Give exactly the lines from the one with "There are other" through the final line of the listing below, both included, leaving out any pictures.

▶ _DATASET EXCERPT_:
[Start of section]

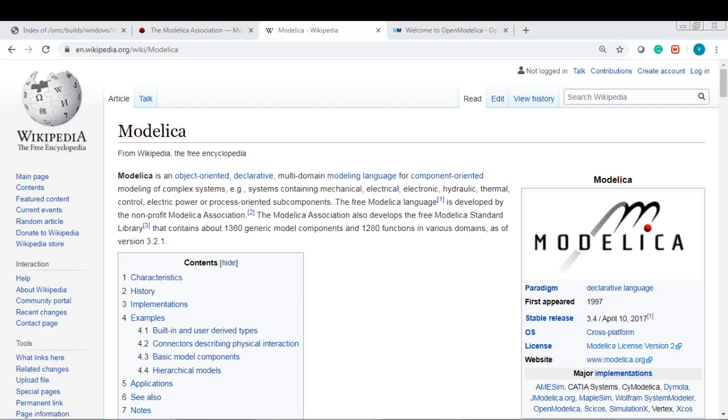Hey, what's up guys? My name is Benke. Today, I would like to introduce you to an amazing language. It's called Modelica.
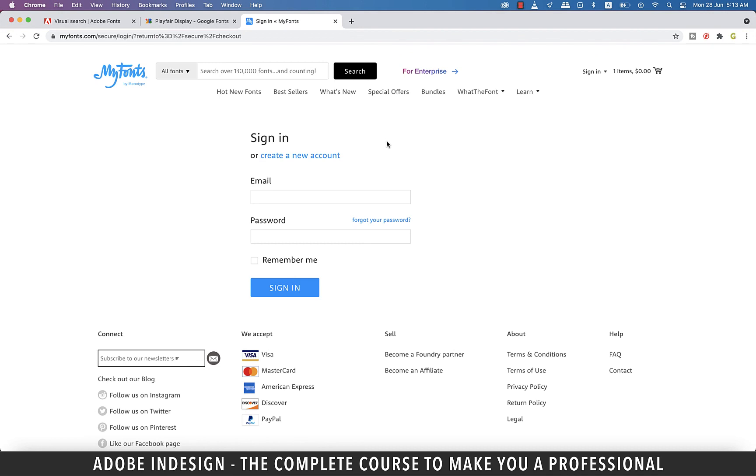There are other websites as well that offer free fonts, but the ones I shared today are by far the best options. So do try them and enhance your creativity. All right guys, that concludes our session and it's time for a short break. I'm gonna see you in the next one in just a bit. Goodbye.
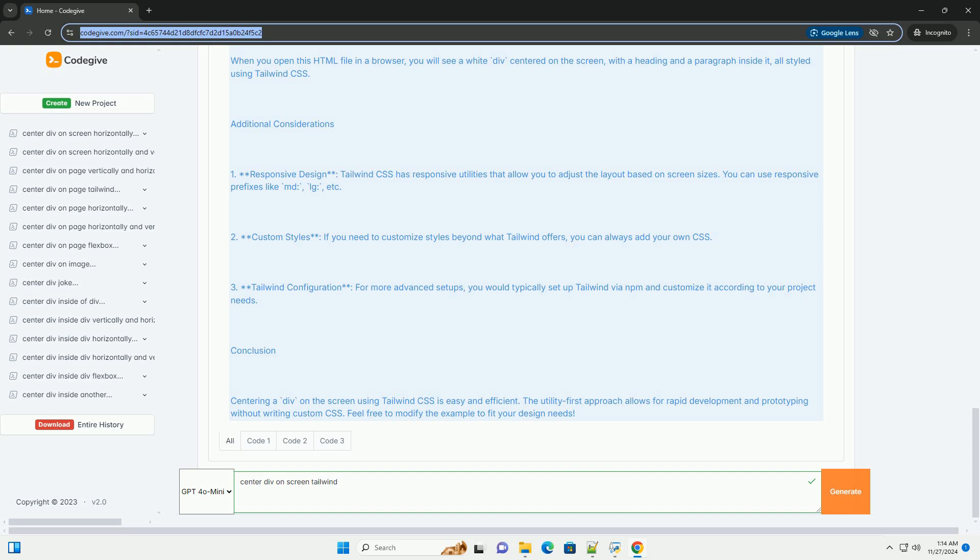Additional Considerations: One, Responsive Design - Tailwind CSS has responsive utilities that allow you to adjust the layout based on screen sizes. You can use responsive prefixes like MD, LG, etc.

[End of section]

▶ _REPLY_:
There are other websites as well that offer free fonts, but the ones I shared today are by far the best options. So do try them and enhance your creativity. All right guys, that concludes our session and it's time for a short break. I'm gonna see you in the next one in just a bit. Goodbye.
Additional Considerations: One, Responsive Design - Tailwind CSS has responsive utilities that allow you to adjust the layout based on screen sizes. You can use responsive prefixes like MD, LG, etc.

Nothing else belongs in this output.